REITS

REIT is an investment trust that specialises in investing in commercial property.It is a company or security that owns a portfolio of real estate holdings. It is also a company that owns, operates or finances income-producing real estate. REITs invest in income-producing properties, and can be focused on any real estate type, from commercial office buildings, to health care facilities, to hostels for educational facilities, to hotels, to shopping malls, to warehouse for storage facilities and beyond each REIT will generally invest in a specific type of real estate holding.

REIT is an investment trust that specialises in investing in commercial property. It is a company or security that owns a portfolio of real estate holdings. It is also a company that owns, operates or finances income-producing real estate. REIT usually trade on major exchanges like other securities and provide investors with a liquid stake in real estate.
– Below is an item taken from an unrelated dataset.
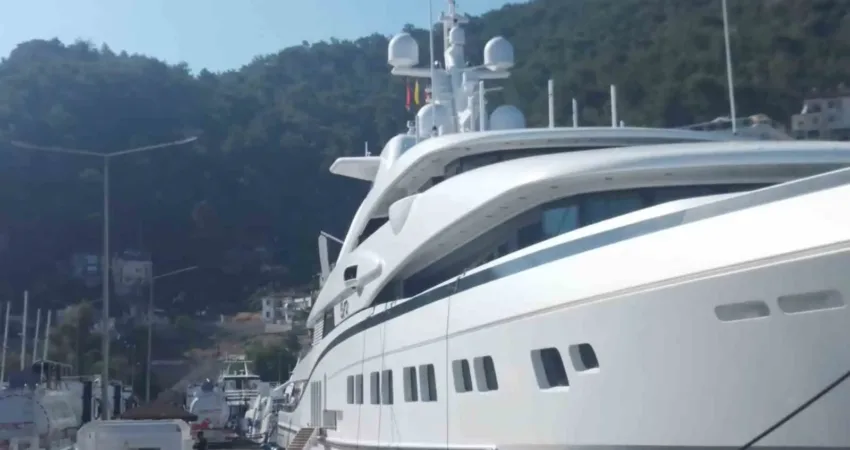 Hintli petrokimya devi Sri Prakash Lohia’ya ait süper yat ’Sea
Although REIT shares trade like stocks, REITs are more like mutual funds that invest in actual real estate properties or in real estate mortgages. REITs invest in income-producing properties, and can be focused on any real estate type, from commercial office buildings, to health care facilities, to hostels for educational facilities, to hotels, to shopping malls, to warehouse for storage facilities and beyond each REIT will generally invest in a specific type of real estate holding. There two types of REIT which are Equity REITs and Mortgage REITs:

The term EQUITY REIT refers to a corporate entity that is engaged in the acquisition, management, building, renovation, and sale of real estate. This type of real estate investment trust offers the greatest potential of reward and as such tends to be favoured by professional money managers’ .Equity REITs are the most common type, representing about 90% of the REIT market according to the National Association of Real Estate Investment Trusts in US.
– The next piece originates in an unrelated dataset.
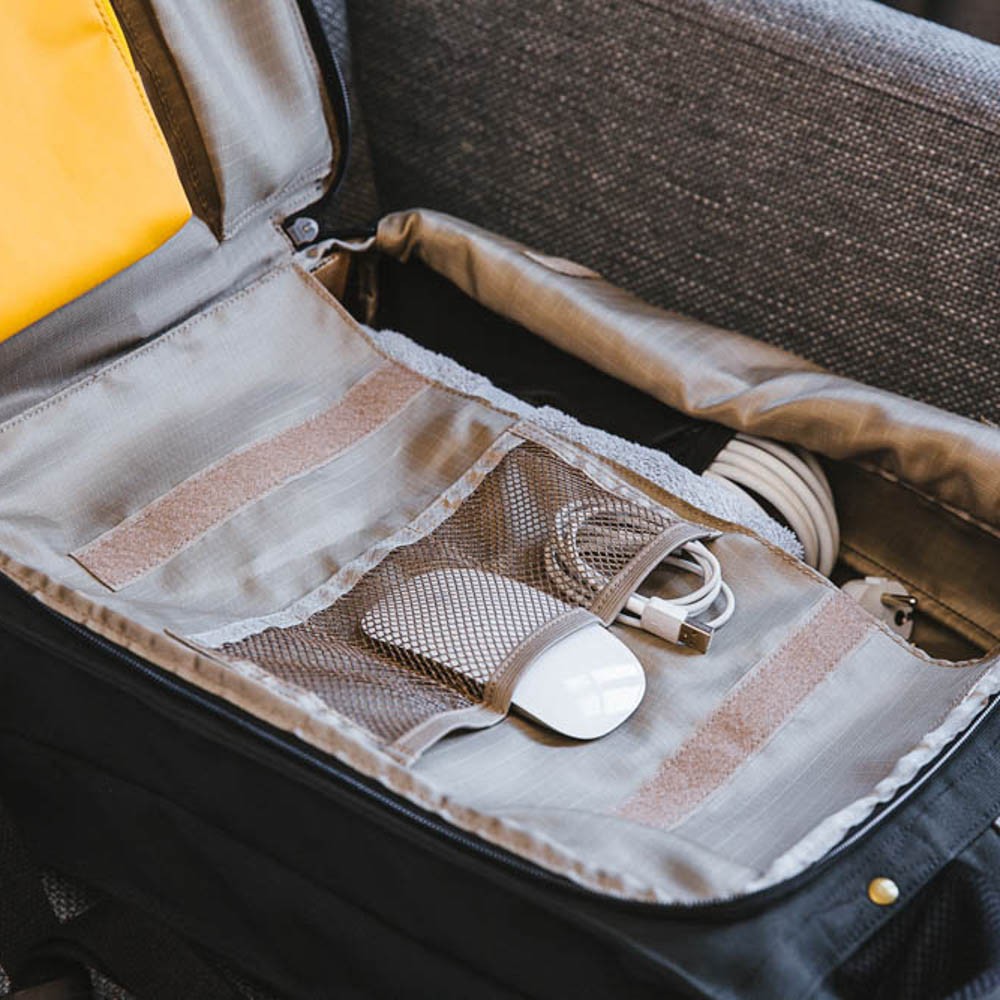 alex_backpack_midnight_black_black_inside2_cropped_hoxton_8719322703415-_berlin_series_72dpi_2 alex_backpack_midnight_black_black_inside2_cropped_hoxton_8719322703415-_berlin_series_72dpi_2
While Mortgage REITs represent the other 10% of the REIT market. These structures borrow money at short-term interest rates and lend it to real estate owners and operators, or simply invest in securities. These REITs make money on the interest generated from the loans or investments, and they themselves are sensitive to interest rate swings. Equity REITs actually purchase, hold and manage commercial and rental properties. Though they will finance these properties in many cases, their primary focus is on profits through acquisition and management while Mortgage REITs do not purchase, own or manage properties. They invest in mortgages on real estate properties. Though they have the properties as collateral for the loans in which they invest, the mortgage REIT has no ownership position in the property itself.

Investing in REITs has more pros than cons since it is more liquid, cash flow is generated through from investing in properties, less risky form of investment, the properties are valuable always due to appreciation of the real estate markets compared to costs involved which are maintenance & property upkeep and property tax.